> **WORK INSTRUCTIONS**
The material below holds pictures, which are to be left out; copy exactly the lines from the one with "Used 2024 Chevrolet" through the one with "无敌了，修炼什么的就是玩全章节".

> **DATA EXTRACTS**
————
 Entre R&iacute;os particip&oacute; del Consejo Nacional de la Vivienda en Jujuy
————
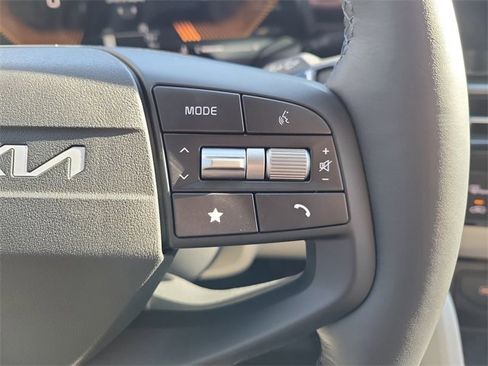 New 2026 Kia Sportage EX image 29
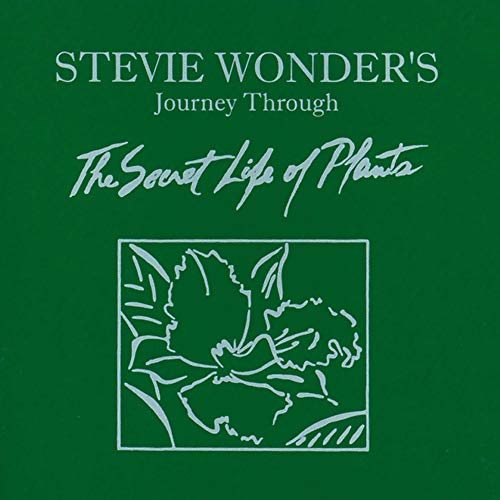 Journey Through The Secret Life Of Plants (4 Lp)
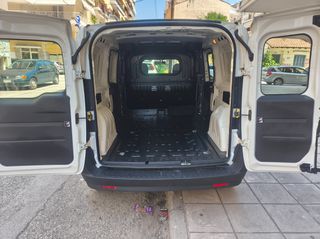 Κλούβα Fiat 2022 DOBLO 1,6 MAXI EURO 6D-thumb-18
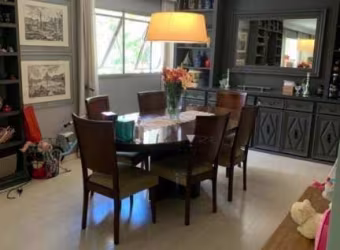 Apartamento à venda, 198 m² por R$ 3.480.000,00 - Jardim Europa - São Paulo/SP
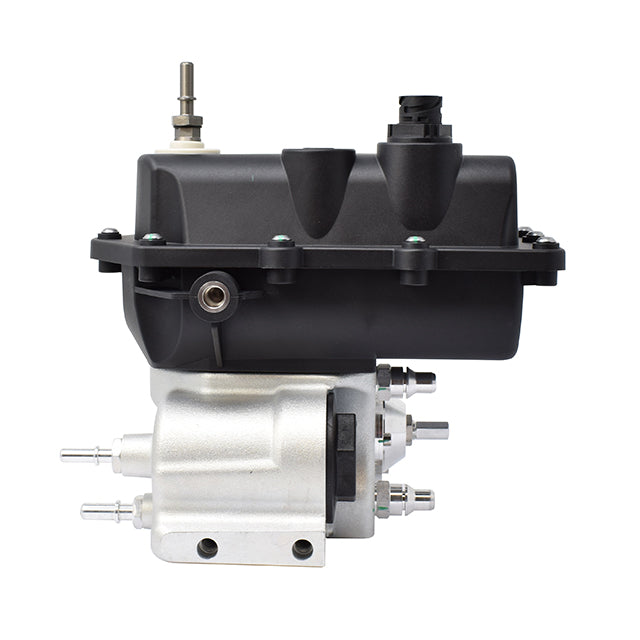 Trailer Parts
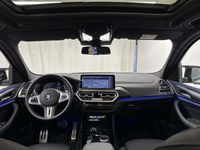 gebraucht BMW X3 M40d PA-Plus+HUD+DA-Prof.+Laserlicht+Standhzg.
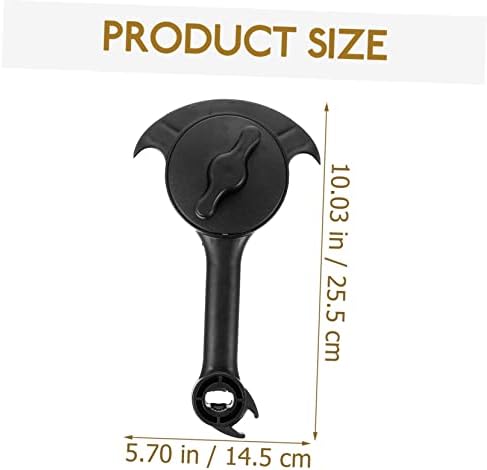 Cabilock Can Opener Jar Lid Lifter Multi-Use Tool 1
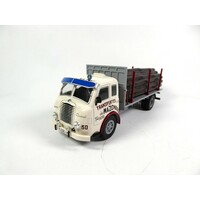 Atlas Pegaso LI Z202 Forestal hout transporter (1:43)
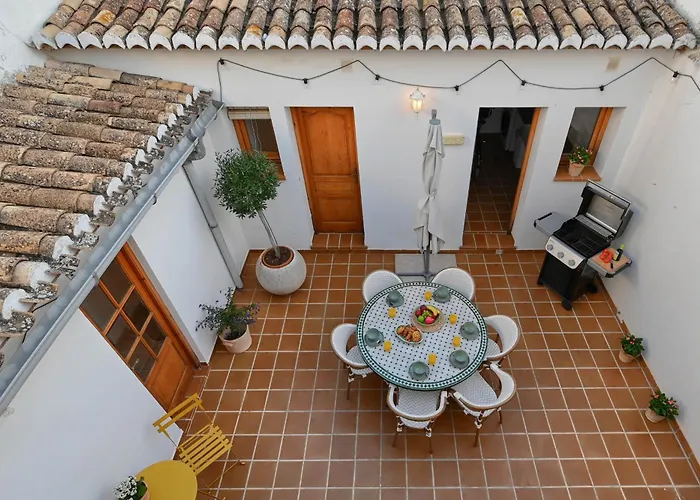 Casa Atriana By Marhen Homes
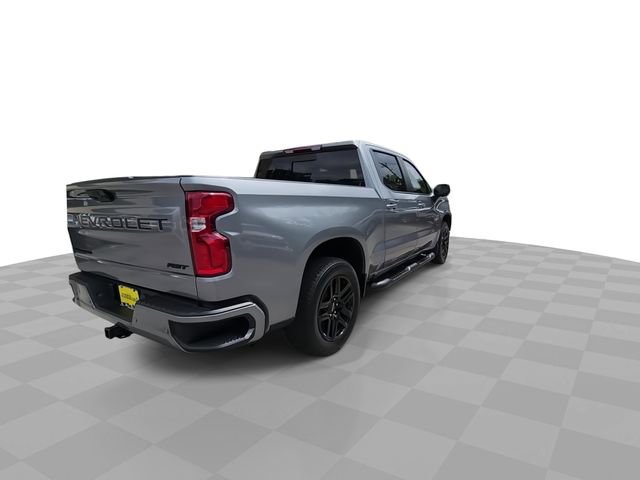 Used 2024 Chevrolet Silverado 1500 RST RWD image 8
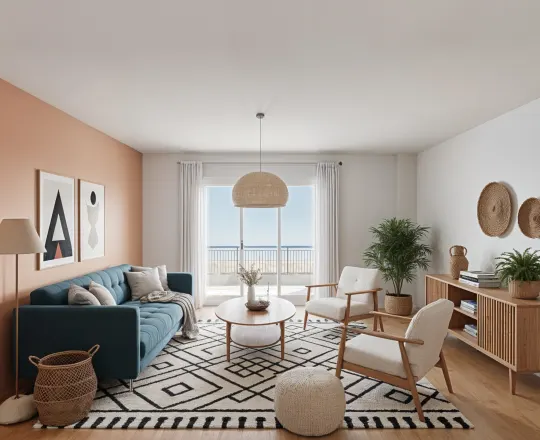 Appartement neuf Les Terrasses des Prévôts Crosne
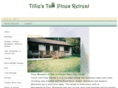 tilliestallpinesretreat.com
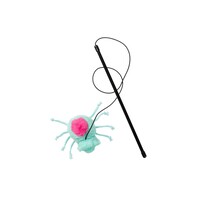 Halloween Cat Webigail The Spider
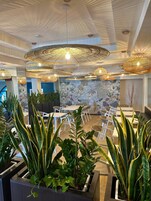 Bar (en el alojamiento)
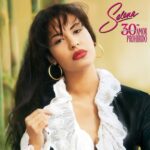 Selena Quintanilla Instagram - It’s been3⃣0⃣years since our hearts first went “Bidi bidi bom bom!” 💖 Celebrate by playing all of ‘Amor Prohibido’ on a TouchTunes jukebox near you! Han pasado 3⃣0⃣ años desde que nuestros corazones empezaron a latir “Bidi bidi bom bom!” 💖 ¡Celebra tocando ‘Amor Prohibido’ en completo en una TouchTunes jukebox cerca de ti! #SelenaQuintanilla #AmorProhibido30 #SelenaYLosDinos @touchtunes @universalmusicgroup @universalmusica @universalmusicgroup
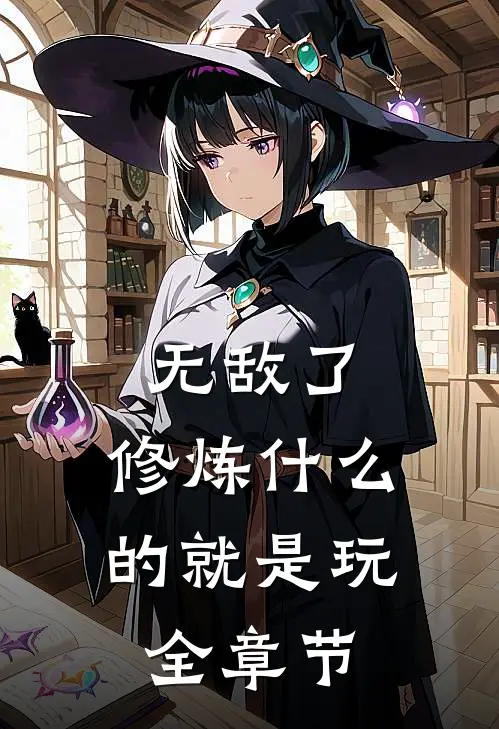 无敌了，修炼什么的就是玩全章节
————
> **OUTPUT**
 Used 2024 Chevrolet Silverado 1500 RST RWD image 8
 Appartement neuf Les Terrasses des Prévôts Crosne
 tilliestallpinesretreat.com
 Halloween Cat Webigail The Spider
 Bar (en el alojamiento)
 Selena Quintanilla Instagram - It’s been3⃣0⃣years since our hearts first went “Bidi bidi bom bom!” 💖 Celebrate by playing all of ‘Amor Prohibido’ on a TouchTunes jukebox near you! Han pasado 3⃣0⃣ años desde que nuestros corazones empezaron a latir “Bidi bidi bom bom!” 💖 ¡Celebra tocando ‘Amor Prohibido’ en completo en una TouchTunes jukebox cerca de ti! #SelenaQuintanilla #AmorProhibido30 #SelenaYLosDinos @touchtunes @universalmusicgroup @universalmusica @universalmusicgroup
 无敌了，修炼什么的就是玩全章节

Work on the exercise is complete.